Two-factor authentication? What's that?
Well that's a question more and more people are asking at the moment as they hear about their bank adopting this relatively new way of authenticating who you are.

But I know who I am...
That's good to hear. And how do you prove who you are when accessing your bank or another secure environment such as your computer on the office network?

Well I use my password.
Which is?

pA55w0rd
Exactly. The problem here is that people aren't the best at choosing or protecting their passwords. Too often they go for easily guessable names or words or something so complicated they end up having to write it down. Instead companies are now looking at solutions such as two-factor authentication which typically involves single-use multi-digit numerical codes to complement the existing security as well as the username or PIN.

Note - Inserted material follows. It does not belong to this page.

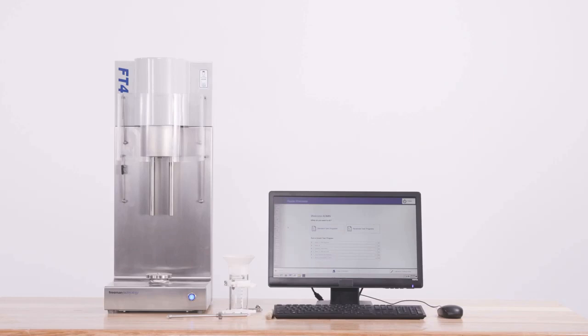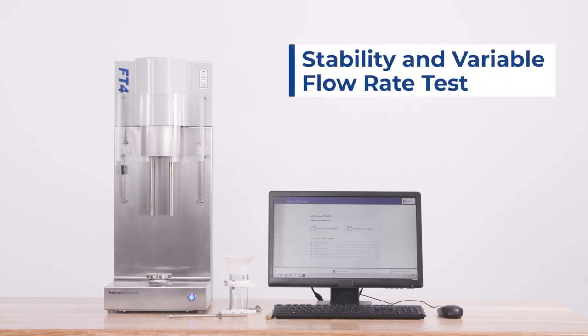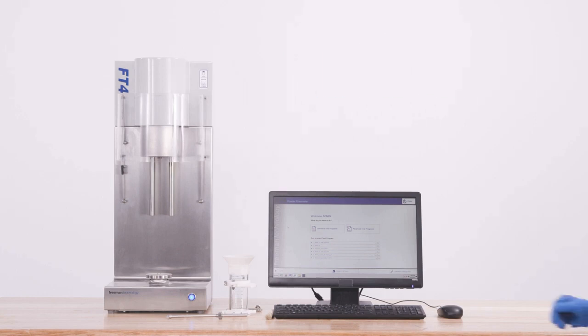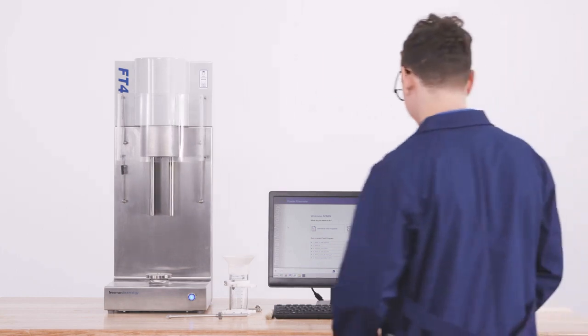First, we'll take a look at the instrument and start with the first test we're going to be using to characterize powder flow. This first test is going to be stability and variable flow rate. I'll go into the details of this test, what it measures, and how to perform it.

Sounds even more complicated...
This is where technology comes in. Many companies developing solutions in this space are providing secure tokens – little gizmos, if you like, no bigger than a key-fob which generate the random numbers for you. They're good for around as long as it take to log-in - say 60 seconds - and then they're done-and-dusted.

What are the benefits?
Single-use random numbers are far more secure than traditional static passwords (which admittedly aren't hard to beat). They work by creating a reliance upon something the user knows, such as their username, and something they have, in this case the six or seven digit number – which is far more reliable than a password written on a Post-it note.

Sounds great...
And many would agree with you – certainly among enterprise, small office and home users. But there are some fierce critics out there when the debate moves on to the banking industry where this is being presented as a bit of a 'silver bullet' for identity theft.

Opposition? Why so?
On one level there is a 'fear of change' which dogs any kind of new service or technology and that is perhaps the least concerning for banks and vendors. But many users also fear, perhaps with some justification, that banks will use this service to further distance themselves from liability in the event of losses.

But won't this method stop losses occurring in the first place?
That's the idea but not everybody is convinced.

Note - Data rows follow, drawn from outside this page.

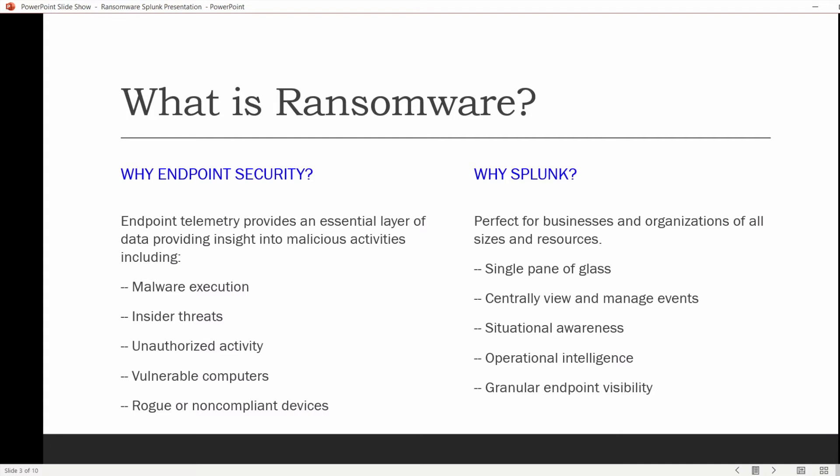Currently, Ryuk, Maze, and Sodinokibi are dominant, but there are numerous others to watch out for. There are more than 100 known ransomware families. However, at the moment, one-fifth of all ransomware attacks involve the Ryuk family of malware, according to FireEye.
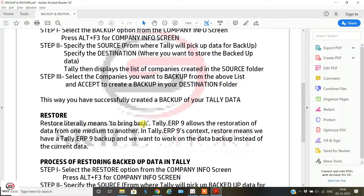Restore literally means to bring back. Tally ERP9 allows the restoration of data from one medium to another. In the Tally ERP9 context, restore means you already have a Tally ERP9 backup and you want to work on that backup data instead of the current data. This happens either when you have lost the data and want to restore it, or when the current data is corrupted or contains incorrect accounting entries, so you want to revert to the backup.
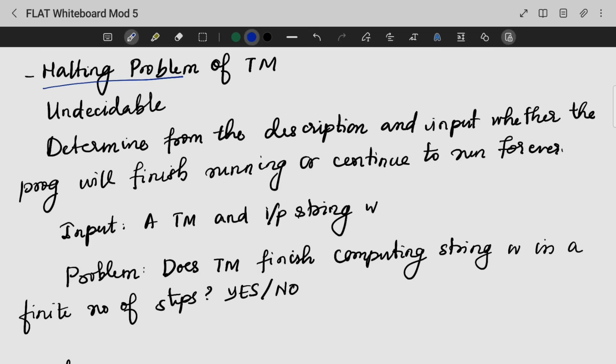The halting problem of a Turing machine. In Computability Theory, it is a problem of determining from a description as well as an input whether my program will finish or continuously run forever. It is basically an undecidable problem.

Respected security guru Bruce Schneier wrote an essay on the problem which begins positively for advocates of two-factor authentication. "If your password includes a number that changes every minute then it's harder for someone else to intercept," he wrote.

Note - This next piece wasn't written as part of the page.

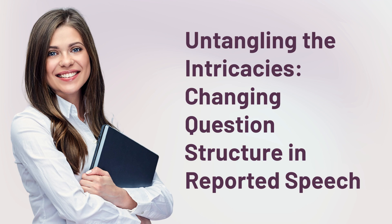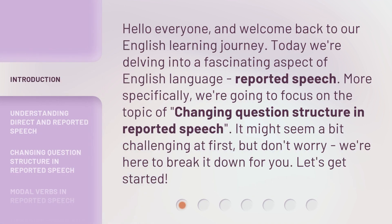Entangling the Intricacies: Changing Question Structure in Reported Speech. Hello everyone, and welcome back to our English learning journey. Today we're delving into a fascinating aspect of English language — reported speech. More specifically, we're going to focus on the topic of changing question structure in reported speech. It might seem a bit challenging at first, but don't worry, we're here to break it down for you. Let's get started.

However, Schneier argues that this is merely addressing a problem of at least two decades' standing and not the current issues of identity theft because "the nature of attacks has changed over those two decades".

In what way? Why won't these gizmos keep us safe?
Schneier outlines a 'man in the middle attack' which will simply see the phishers set up dummy websites to intercept single-use passcodes in the same way they used to solicit usernames and passwords. Schneier also argues that attackers will simply lurk on users' machines - accessing via a Trojan (or backdoor vulnerability) - until the user has authenticated and then 'piggyback' into a secure session with that user.

So the criminals just change tactics?
That's certainly the suggestion but it will be more difficult and they will be forced to think beyond engineering our crude passwords out of us. Even if they get hold of a single-use password, time is against them. It is worth noting as well that Schneier does point out that two-factor authentication is more secure than the good old fashion passwords we all know and love.

So it's better...
...but not perfect. Indeed, it's still early days - Lloyds TSB recently became the first UK bank to announce the rollout of two-factor authentication for retail customers. Others such as Coutts already use it for some 'high net-worth' customers but only once it's widespread in the mainstream will we know its true impact and better understand its effect on online banking and customer satisfaction.